→ **Task requirements**
Starting with the line with "Ich werde Großer" in the entries below and going on through the line with "Beaver Grey Woven Linen Cotton Saree", output every line exactly and nothing more. No pictures.

--------------------

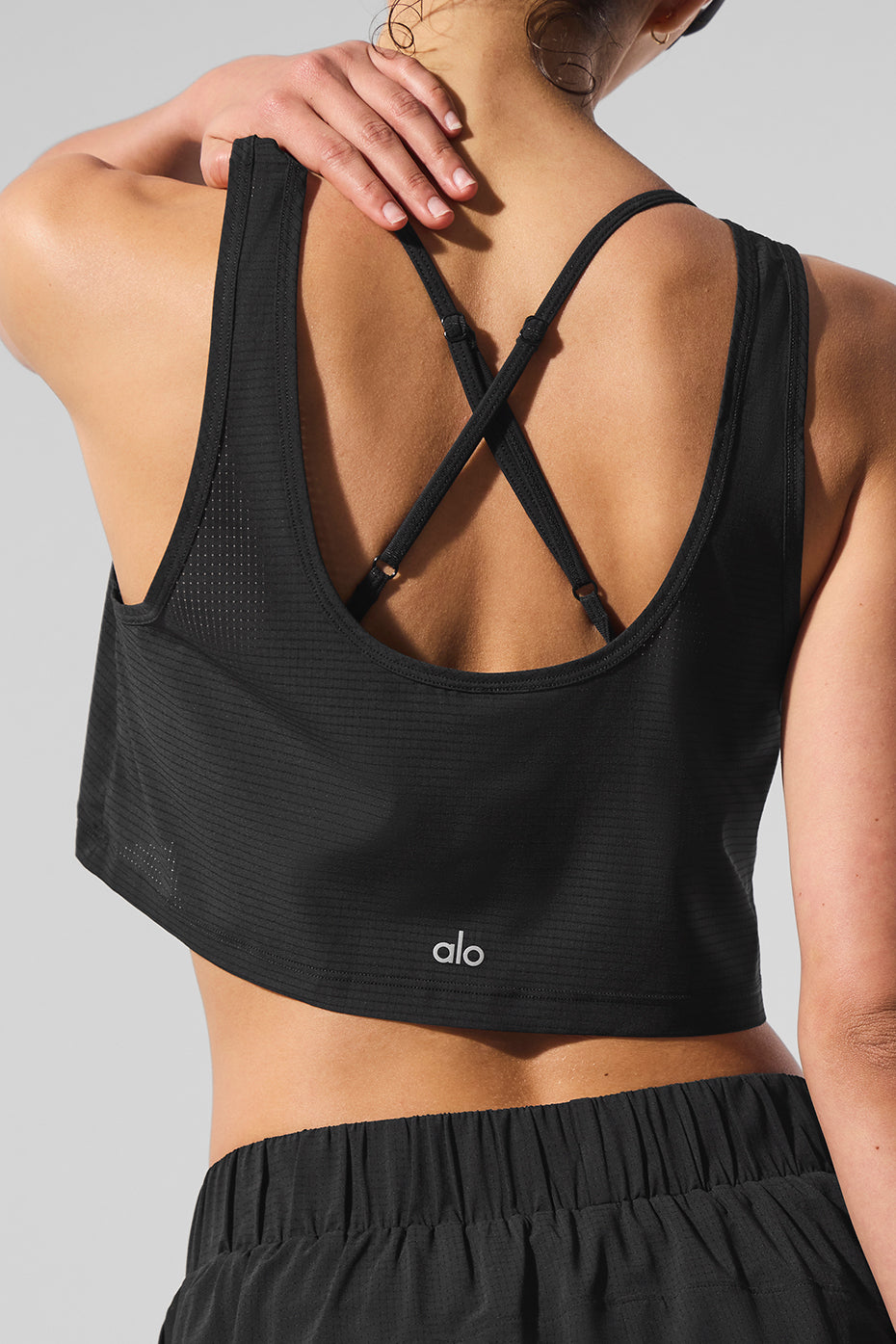 Cropped Sport Star Tank Top — Black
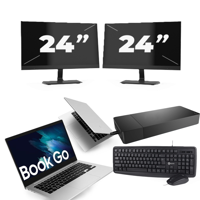 Microsoft Surface Go - Intel Core i5-10e Generatie - 10 inch - 8GB RAM - 64GB SSD - Windows 11 Home + 2x 24 inch Monitor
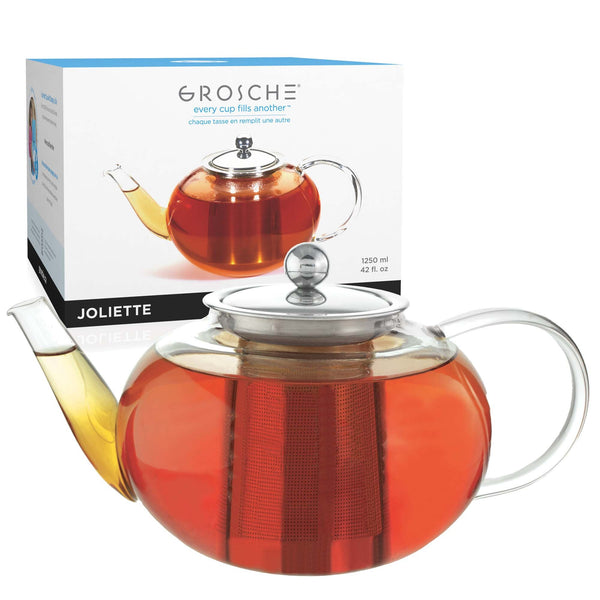 grosche JOLIETTE Glass Teapot with Stainless Steel Tea Strainer - 42oz / 1250mL Clear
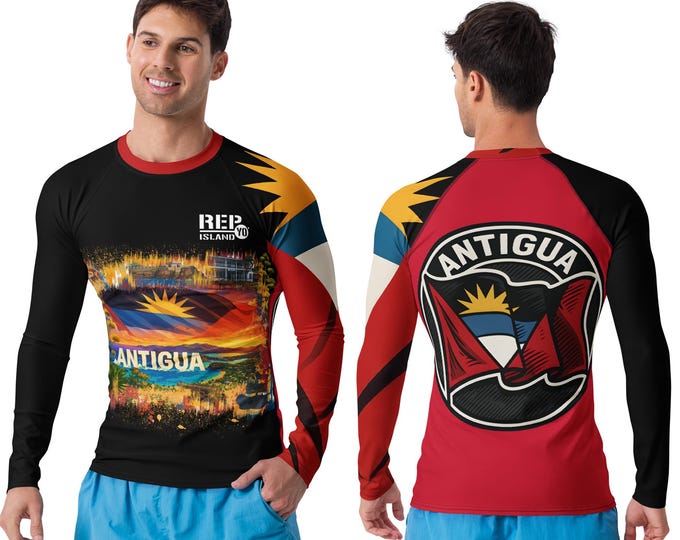 Antigua Rash Guard – Men’s Long Sleeve Island Pride Performance Shirt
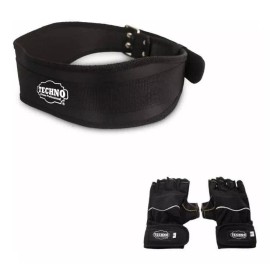 Techno Cinturón Para Pesas Techno + Guantes P/ Pesas Envio Incluido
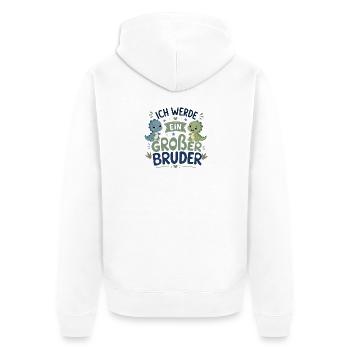 Ich werde Großer Bruder – Dino-Design - Unisex Premium Bio Zip Hoodie - Weiß - Hinten - Thijin (182cm)
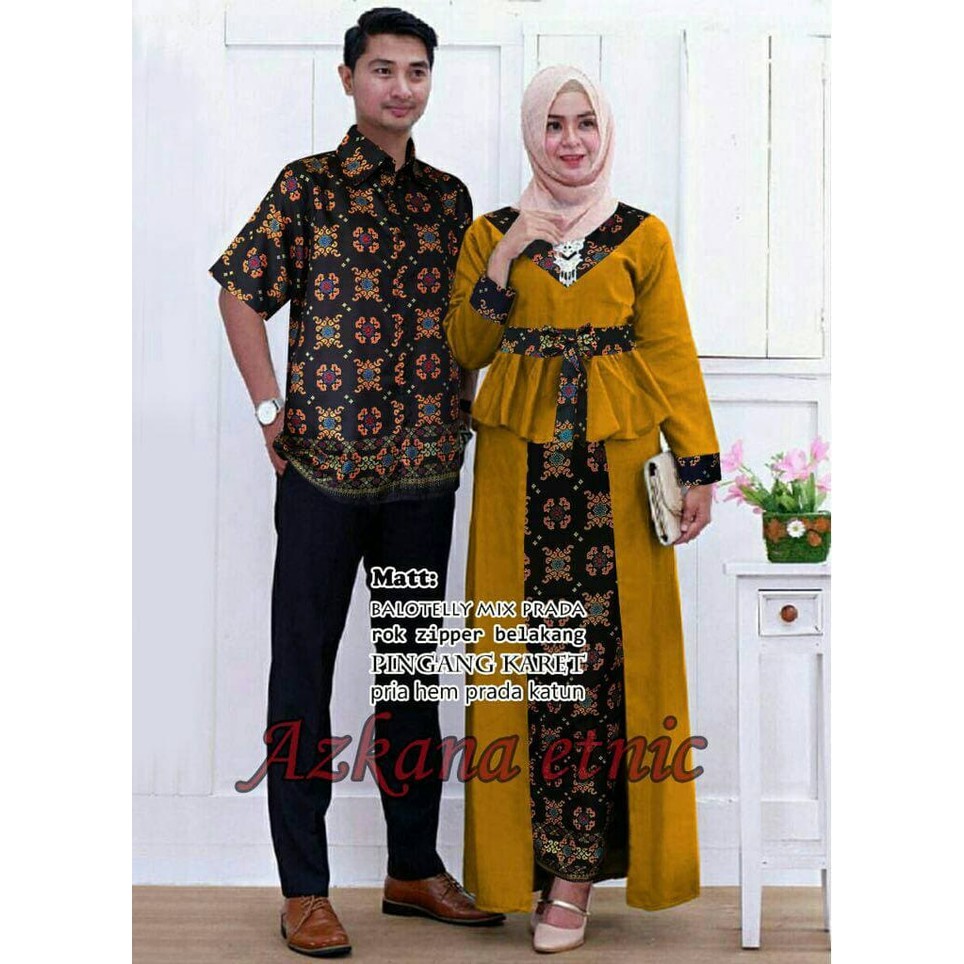 Pakaian wanita pasangan aop gamis couple ETNIC batik MUSTARD CP KEBAYA / pakaian pasangan preweding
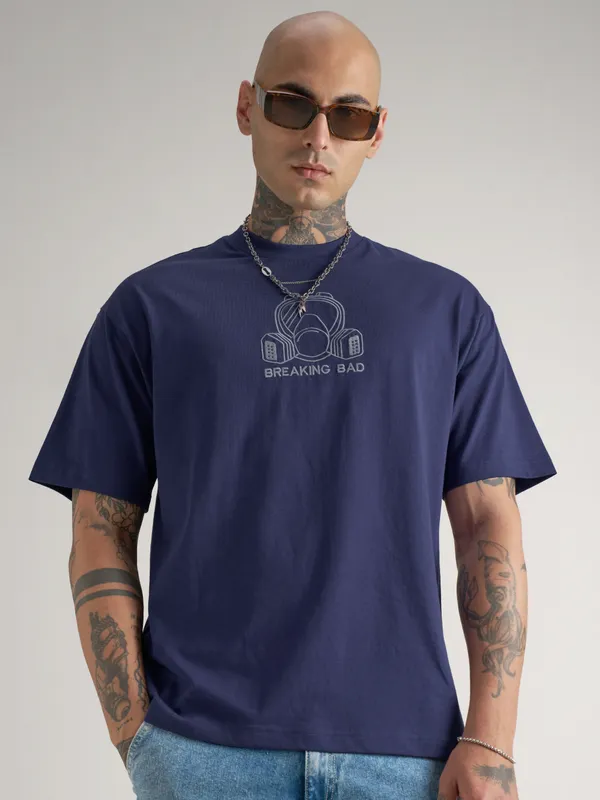 Breaking Bad Men Embroidered Round Neck Oversized Fit T-Shirt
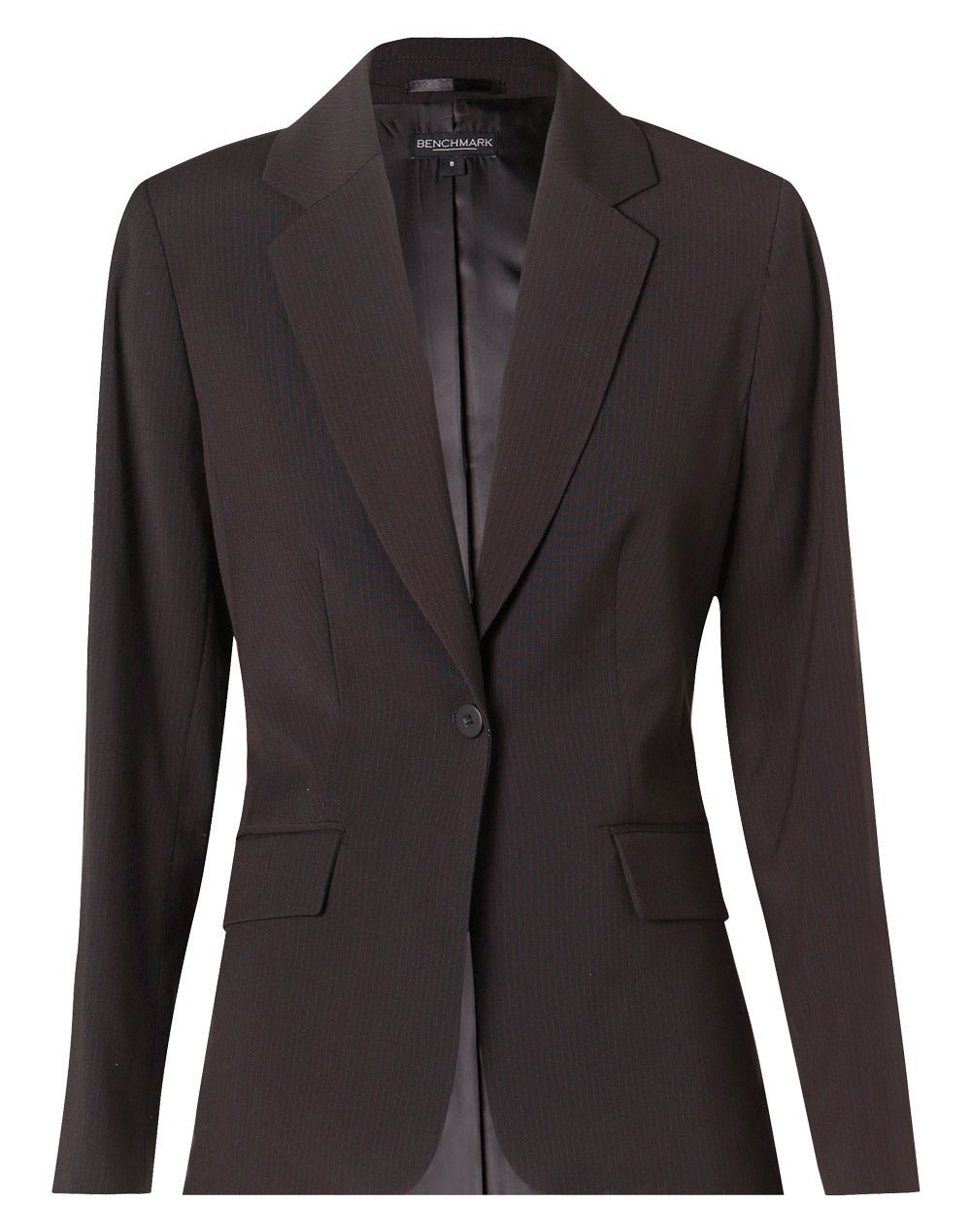 M9208 Women's Poly/Viscose Stretch Stripe One Button Cropped Jacket - WEARhouse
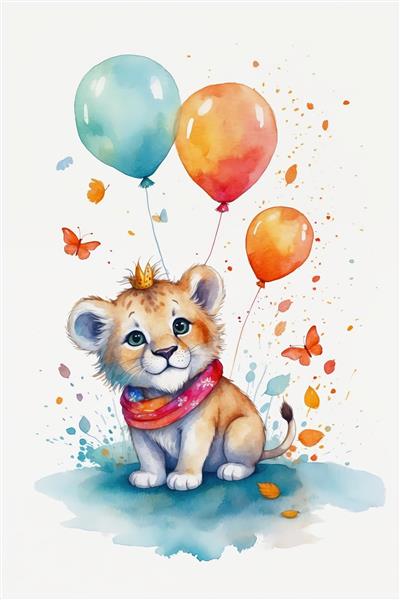 بچه شیر تاج‌دار با شال و بادکنک، نقاشی آبرنگ پاییزی با رنگ‌های گرم و پروانه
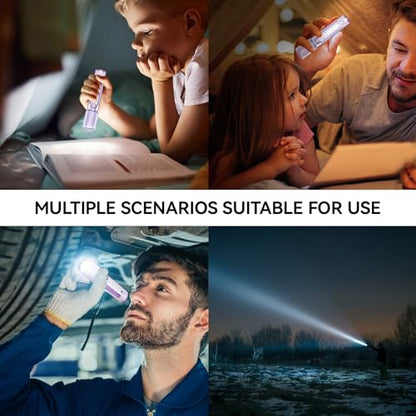 VAVOFO Purple LED EDC Flashlight - USB-C Rechargeable, Waterproof, Zoom Focus, 3 Modes, Red & Blue Emergency Strobe - Best for Outdoor, Tactical, and Survival Use - color: Pink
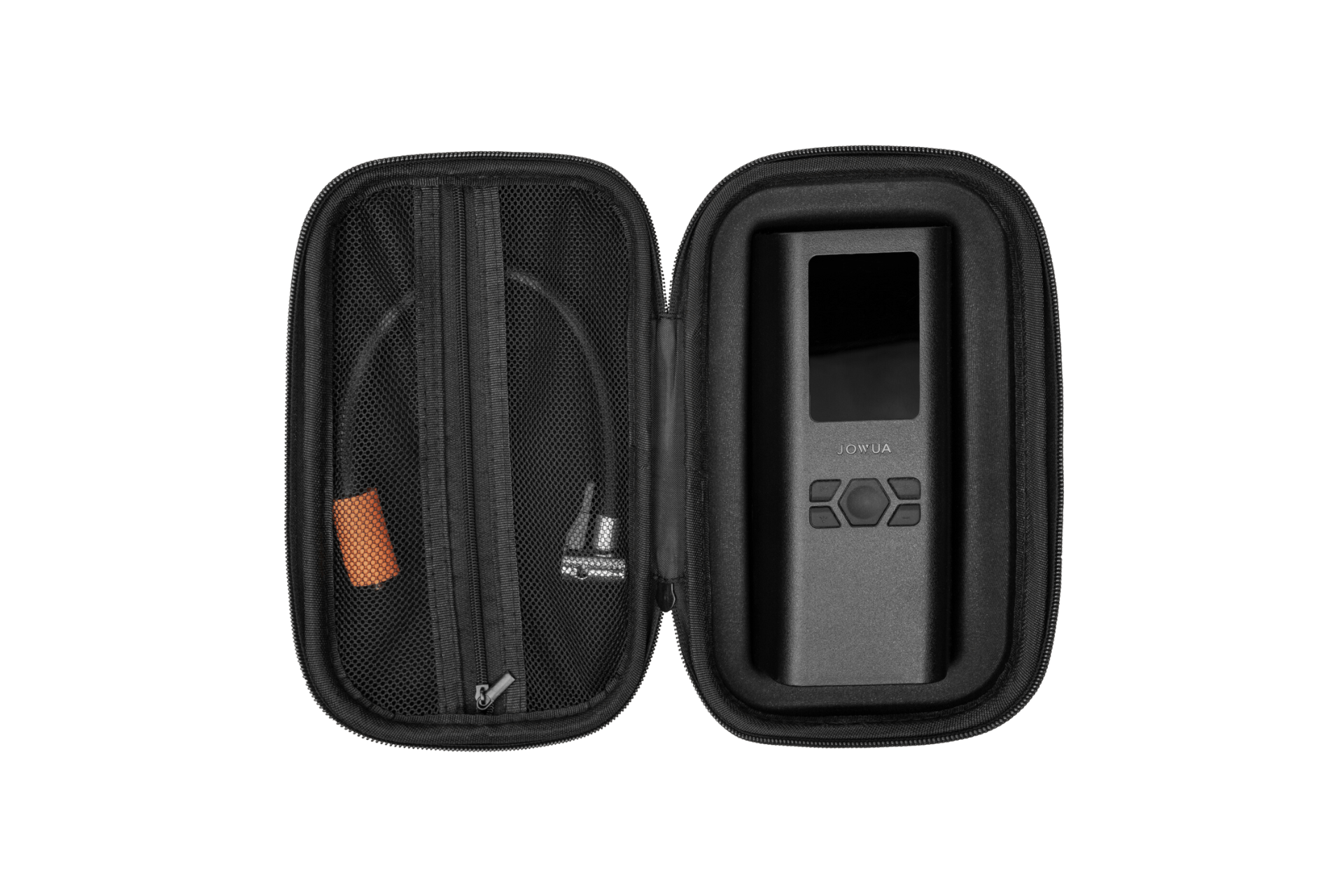 The JOWUA Portable Air Compressor + Charging Solution Kit is displayed in a black zippered case, with the rectangular compressor featuring a screen and buttons on the right, and a mesh pocket holding cables on the left—perfect for Tesla tires.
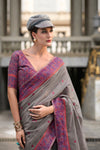 Beaver Grey Woven Linen Cotton Saree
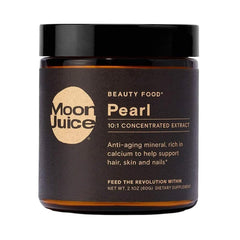Moon Juice Pearl powder extract bottle highlights a premium 10:1 concentrate for antioxidant support.
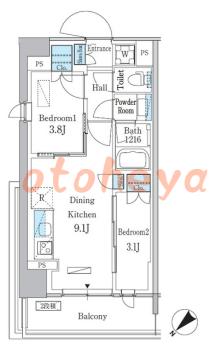 楽器ピアノ可相談 の 賃貸物件 2DK 18.9万円の図面1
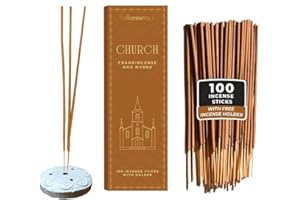 Folkulture Church Incense Sticks | Set of 100 Insence-Sticks with Holder for Relaxation | Frankincense & Myrrh, Catholic Incense | Organic, Slow Burning & Non Toxic Inscents for Worship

--------------------

→ **Result of this exercise**
 Ich werde Großer Bruder – Dino-Design - Unisex Premium Bio Zip Hoodie - Weiß - Hinten - Thijin (182cm)
 Pakaian wanita pasangan aop gamis couple ETNIC batik MUSTARD CP KEBAYA / pakaian pasangan preweding
 Breaking Bad Men Embroidered Round Neck Oversized Fit T-Shirt
 M9208 Women's Poly/Viscose Stretch Stripe One Button Cropped Jacket - WEARhouse
 بچه شیر تاج‌دار با شال و بادکنک، نقاشی آبرنگ پاییزی با رنگ‌های گرم و پروانه
 VAVOFO Purple LED EDC Flashlight - USB-C Rechargeable, Waterproof, Zoom Focus, 3 Modes, Red & Blue Emergency Strobe - Best for Outdoor, Tactical, and Survival Use - color: Pink
 The JOWUA Portable Air Compressor + Charging Solution Kit is displayed in a black zippered case, with the rectangular compressor featuring a screen and buttons on the right, and a mesh pocket holding cables on the left—perfect for Tesla tires.
 Beaver Grey Woven Linen Cotton Saree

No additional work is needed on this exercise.